**WORK ORDER**
Could you give the data that follows again exactly, without its pictures?

**Image-text web data**

Start of Block

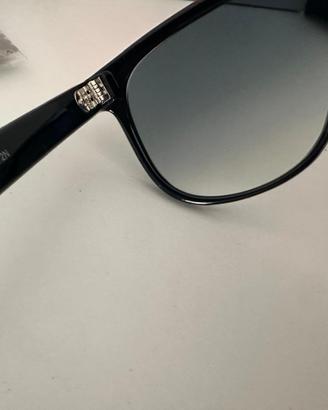 Ray-Ban RB4147 Boyfriend – Nero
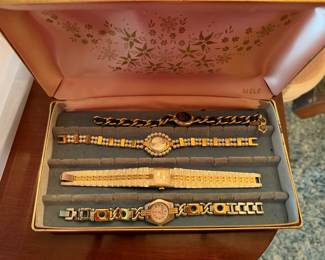Fancy Watches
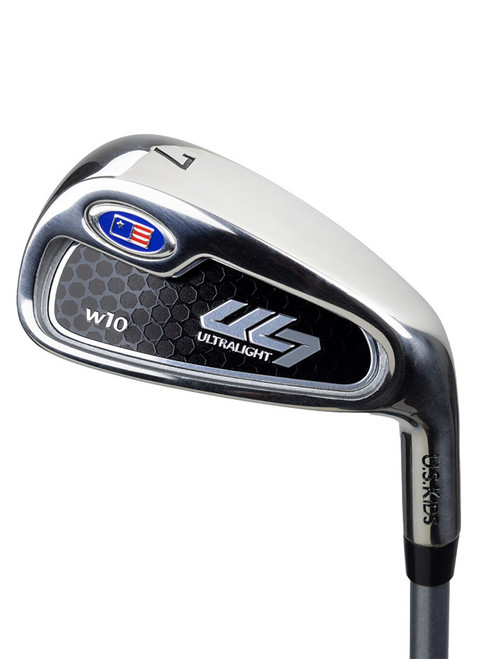 US Kids Golf Ultra Light Iron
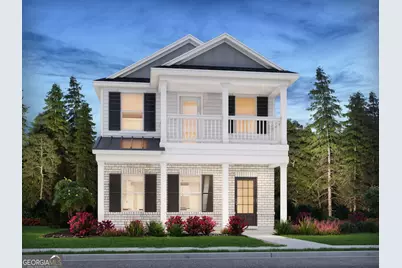 772 Wallace Oak Lane, Lawrenceville, GA 30045 - Photo 1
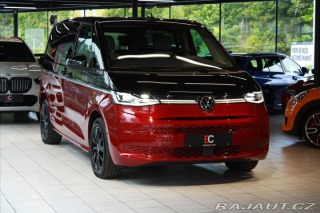 Volkswagen Multivan Style DSG ACC / IQ.l / Ta 2023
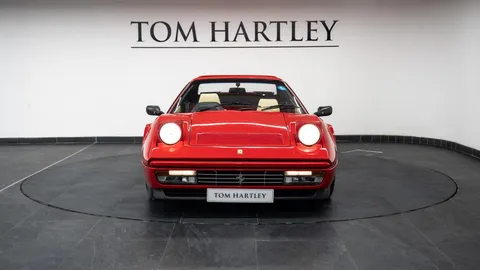 Ferrari 328 GTS — photo 2 of 31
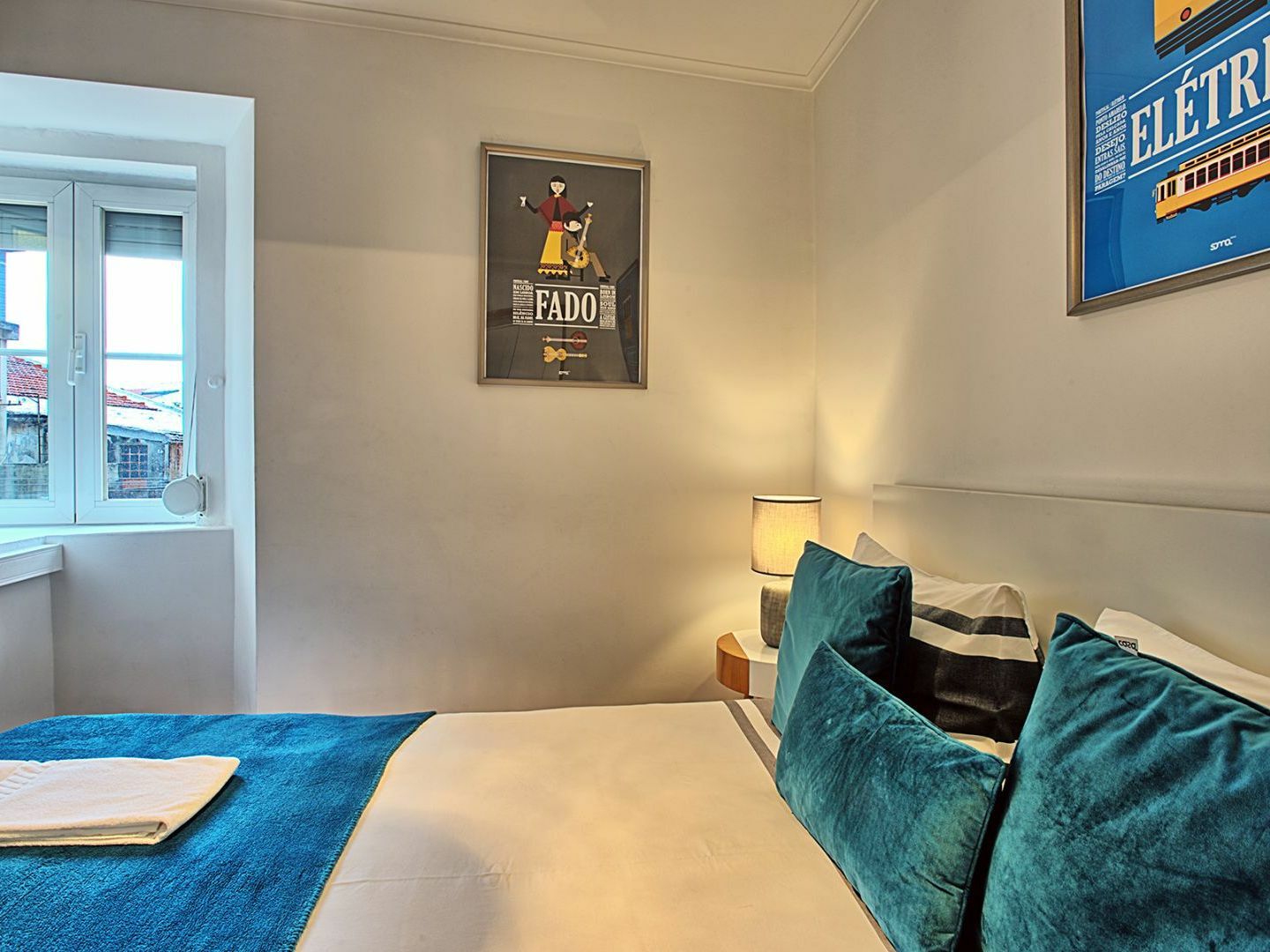 Sao Lazaro Apartment 리스본 외부 사진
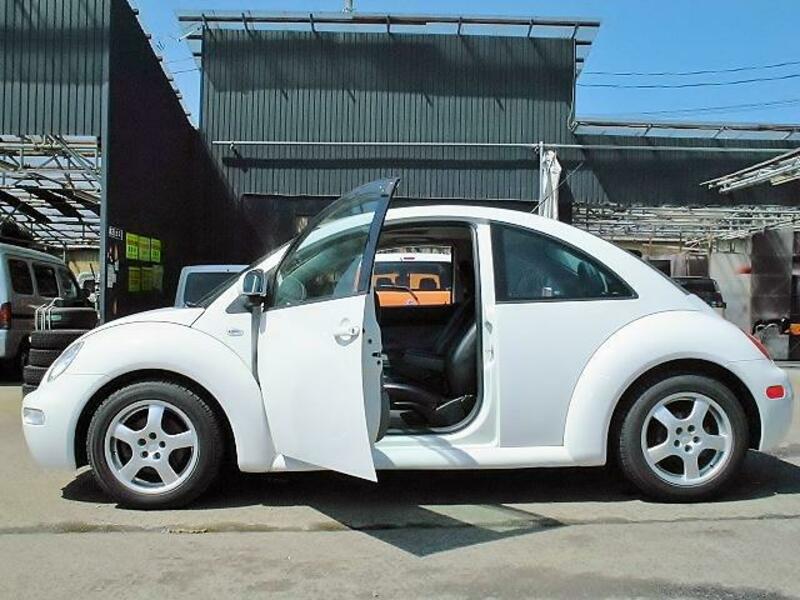 NEW BEETLE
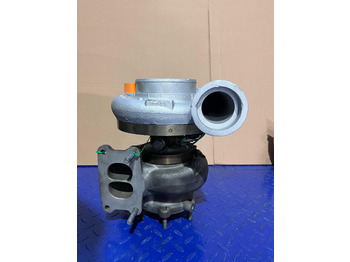 Турбина Mercedes Benz Actros Arocs MP4 A4710904480: фото 3 Турбина Mercedes Benz Actros Arocs MP4 A4710904480: фото 3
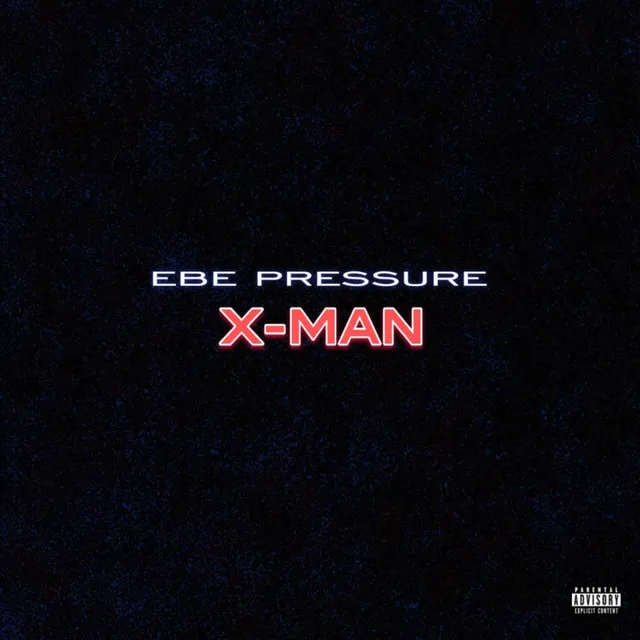 X-Man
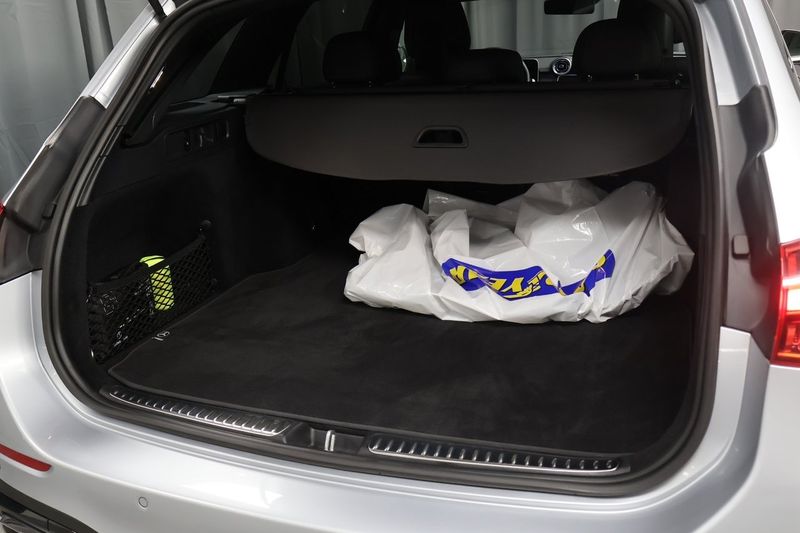 Mercedes C220 bild 14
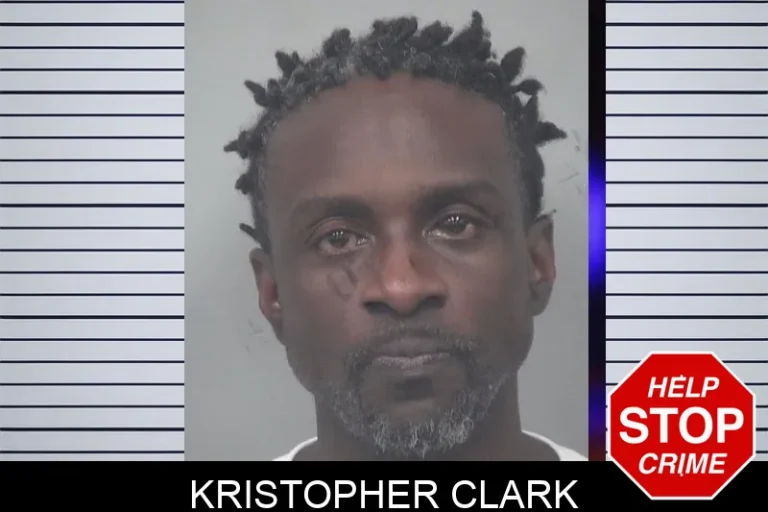 Kristopher Clark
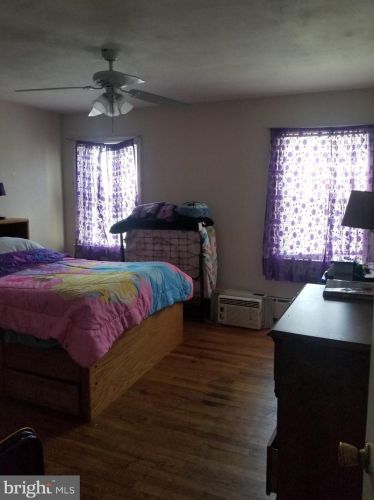 25166 County Rd, Seaford DE  19973-8631 exterior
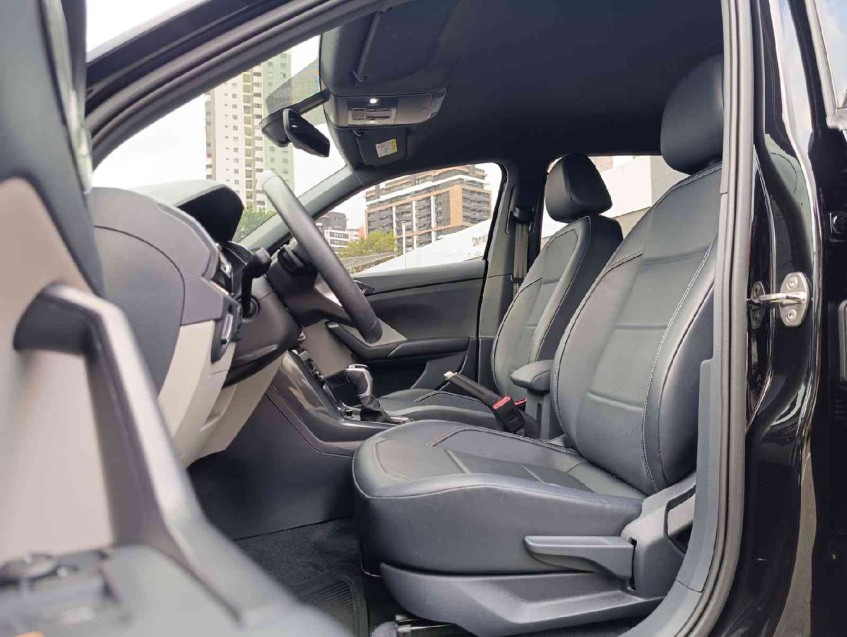 t-cross highline 250 1.4 tsi at611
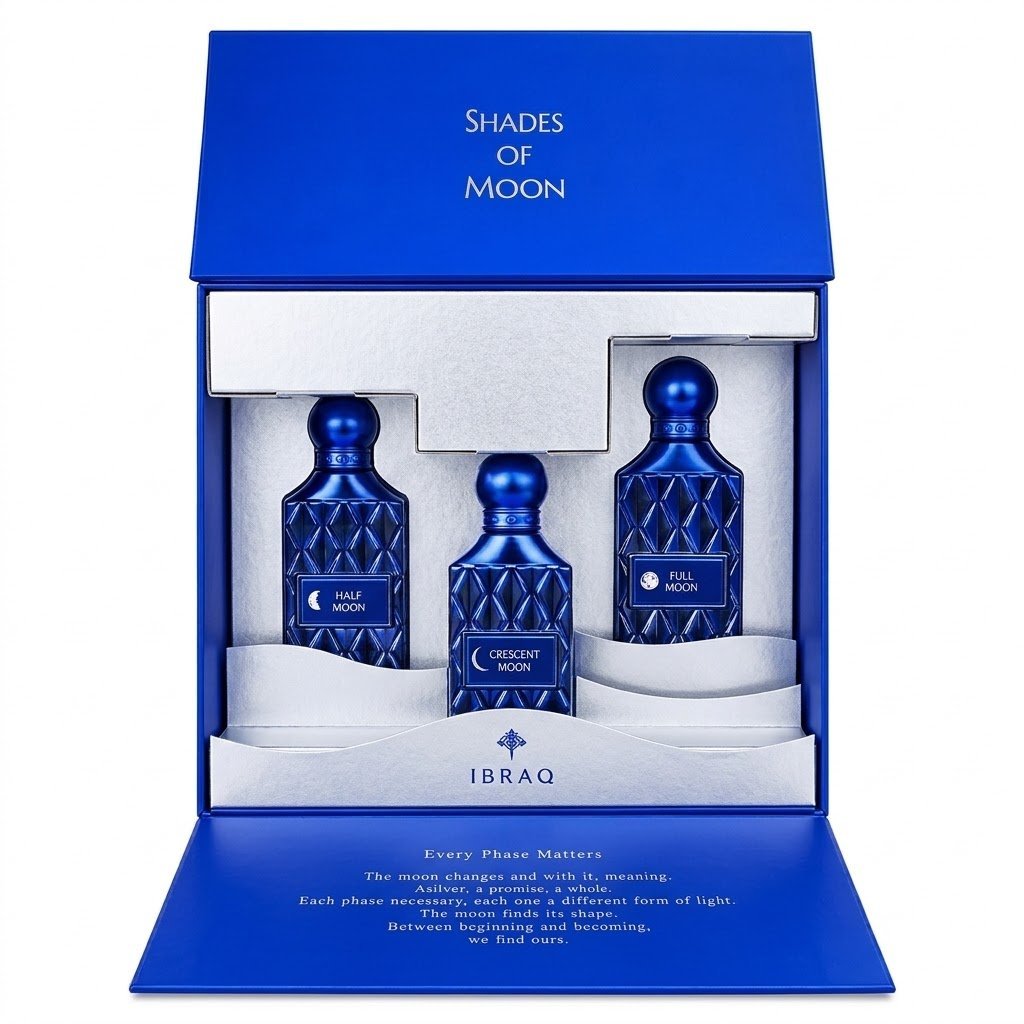 2026/10/IMG-20261014-WA0298.jpg IBRAQ Shades of Moon Perfume Collection Set - Image 1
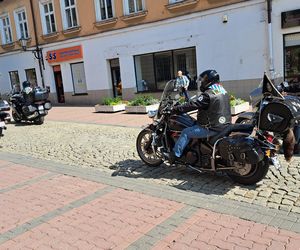 85. rocznica I Transportu Więźniów Politycznych z Tarnowa do KL Auschwitz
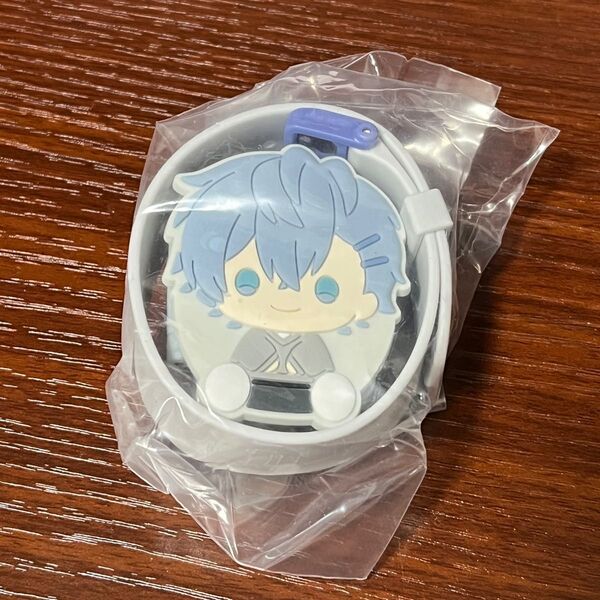 カラフルピーチ カプセルマスコットウォッチ ヒロ
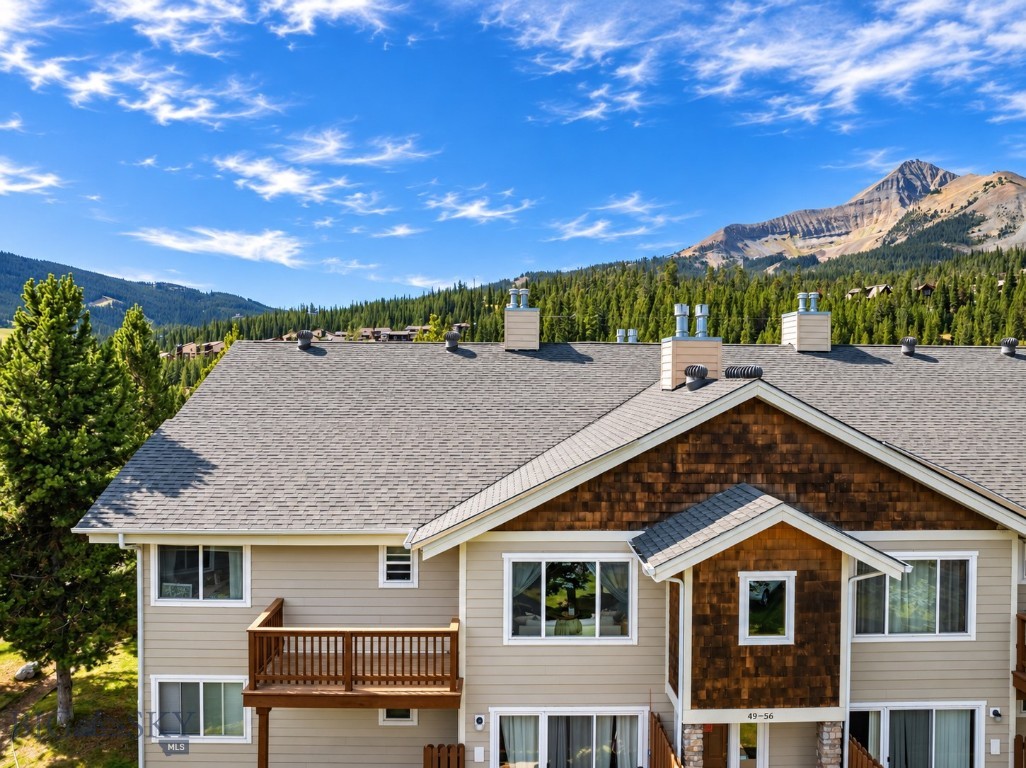 13 Moose Ridge Road, Cedar Creek #53 53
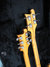 Rickenbacker 4080/46 Doubleneck, Mapleglo: Headstock - Rear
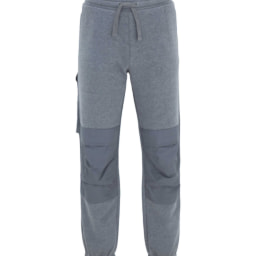 Men's Anthracite Workwear Joggers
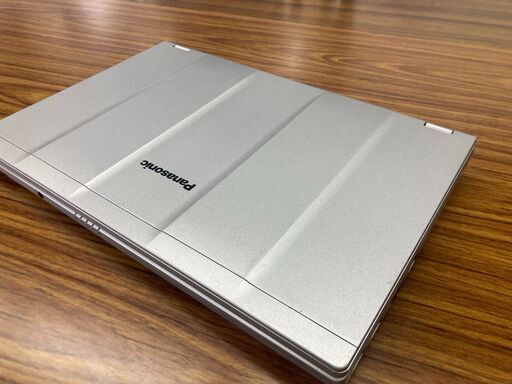 パソコン Let'snote CF-LV7 i5-8350U SSD256 RAM8GB Office2021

End of Block

**FINAL ANSWER**
 Ray-Ban RB4147 Boyfriend – Nero
Fancy Watches
 US Kids Golf Ultra Light Iron
 772 Wallace Oak Lane, Lawrenceville, GA 30045 - Photo 1
 Volkswagen Multivan Style DSG ACC / IQ.l / Ta 2023
 Ferrari 328 GTS — photo 2 of 31
 Sao Lazaro Apartment 리스본 외부 사진
 NEW BEETLE
 Турбина Mercedes Benz Actros Arocs MP4 A4710904480: фото 3 Турбина Mercedes Benz Actros Arocs MP4 A4710904480: фото 3
 X-Man
 Mercedes C220 bild 14
 Kristopher Clark
 25166 County Rd, Seaford DE  19973-8631 exterior
 t-cross highline 250 1.4 tsi at611
 2026/10/IMG-20261014-WA0298.jpg IBRAQ Shades of Moon Perfume Collection Set - Image 1
 85. rocznica I Transportu Więźniów Politycznych z Tarnowa do KL Auschwitz
 カラフルピーチ カプセルマスコットウォッチ ヒロ
 13 Moose Ridge Road, Cedar Creek #53 53
 Rickenbacker 4080/46 Doubleneck, Mapleglo: Headstock - Rear
 Men's Anthracite Workwear Joggers
 パソコン Let'snote CF-LV7 i5-8350U SSD256 RAM8GB Office2021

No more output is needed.